▽

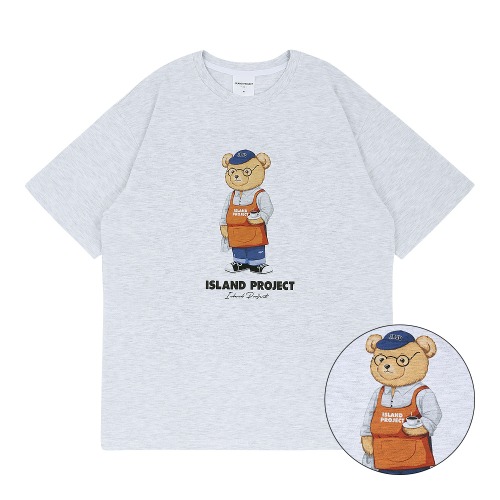 아일랜드프로젝트 Barista Bear T-Shirt - Ash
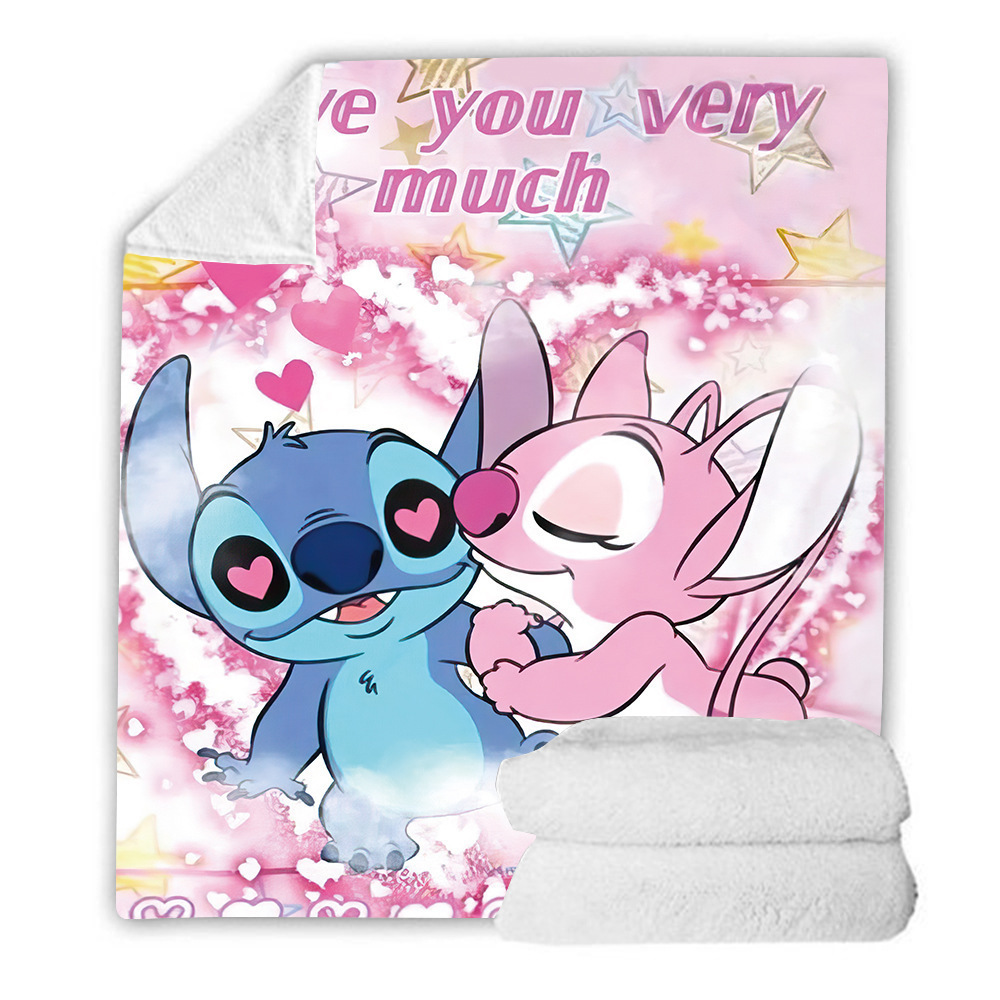 Flange serie Stitch impresión digital alfombra de peluche hogar oficina siesta alfombra de flange invierno otoño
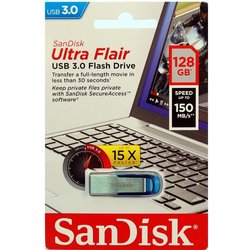 USB флеш накопитель SANDISK 128GB Ultra Flair Blue USB 3.0 (SDCZ73-128G-G46B)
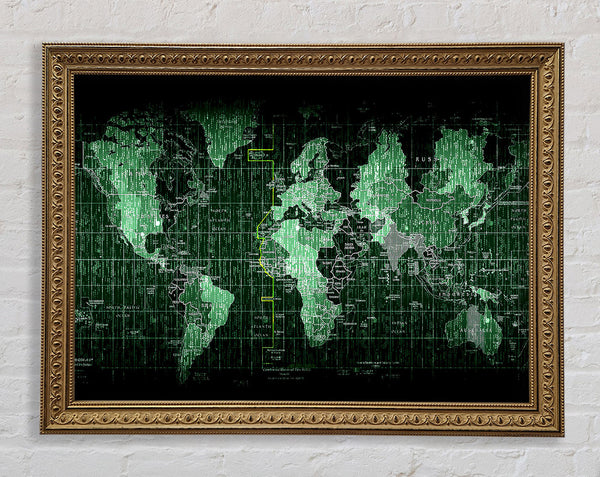 Matrix World Map Framed Print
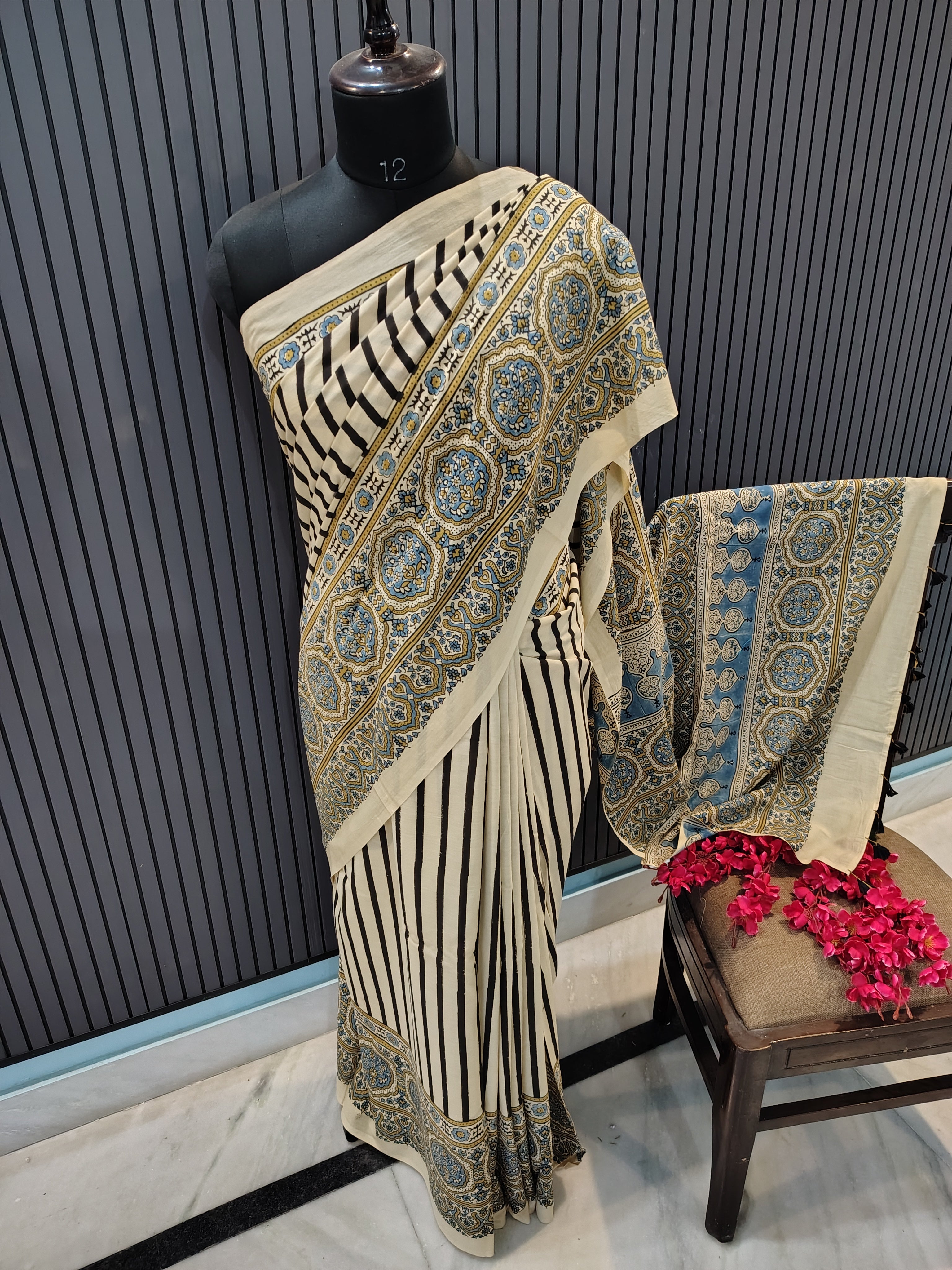 Creamline Ajrakh Cotton Saree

△

## Brief
Keep every word of the records exact as you write them out, but drop the pictures.

## Written answer
 아일랜드프로젝트 Barista Bear T-Shirt - Ash
 Flange serie Stitch impresión digital alfombra de peluche hogar oficina siesta alfombra de flange invierno otoño
 USB флеш накопитель SANDISK 128GB Ultra Flair Blue USB 3.0 (SDCZ73-128G-G46B)
 Matrix World Map Framed Print
 Creamline Ajrakh Cotton Saree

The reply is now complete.